In any event, after speaking with Mr. Brennan and reviewing the other coverage at Westword.com and Know Your Courts, I agree that Brennan is absolutely right. This proceeding should have never been brought. Mr. Brennan won a $1.2 million verdict for his client and significantly, not a single juror believed that Mr. Brennan had acted inappropriately at the trial (indeed, several said that would hire him themselves). Even the video that I posted depicted just 20 seconds out of a three day trial (and indeed, why was the single segment designed to make Mr. Brennan look bad posted, rather than all of the video?) I have posted Mr. Brennan’s explanation below, in bold, with the hope that justice will prevail in this case.

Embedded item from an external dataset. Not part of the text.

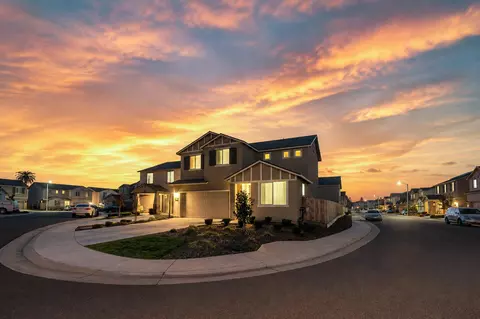 2207 S Crumal St, Visalia, CA 93292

The outcome is predetermined. The City, Blackburn, and their friends in high places, e.g., Finegan, Mullarkey, Farber, Brownstein, et al., are determined to make an example of me for the great crime of getting more money for my client that either he or the City ever imagined possible. They want to send a clear message to any other idealistic advocates for the little guy (who are not part of the inner circle immune from prosecution for much greater misconduct because of their political, ethnic, school, or other ties) who might entertain the notion that the federal courts offer redress for subversion of justice by public officials.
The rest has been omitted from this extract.